## Exercise data
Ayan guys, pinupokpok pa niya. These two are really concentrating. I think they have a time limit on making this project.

--

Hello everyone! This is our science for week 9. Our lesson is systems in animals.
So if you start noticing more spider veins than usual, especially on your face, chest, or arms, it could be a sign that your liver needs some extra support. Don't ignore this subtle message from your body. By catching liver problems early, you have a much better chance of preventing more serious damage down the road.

...

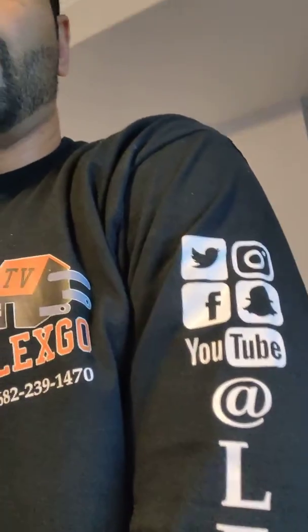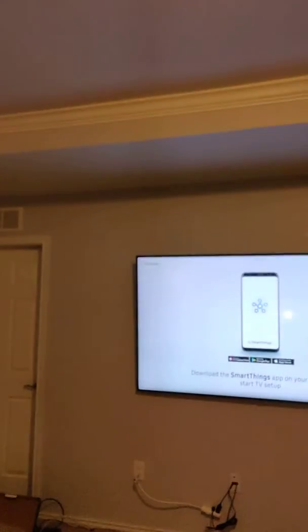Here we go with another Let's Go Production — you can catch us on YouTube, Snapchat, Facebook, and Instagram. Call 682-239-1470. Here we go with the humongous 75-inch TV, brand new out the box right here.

## What to work on
Above are records; repeat only the lines starting at the line with "Hello everyone! This" and ending at the line with "So if you start", exactly as they appear, both included.

## Solution to this task
Hello everyone! This is our science for week 9. Our lesson is systems in animals.
So if you start noticing more spider veins than usual, especially on your face, chest, or arms, it could be a sign that your liver needs some extra support. Don't ignore this subtle message from your body. By catching liver problems early, you have a much better chance of preventing more serious damage down the road.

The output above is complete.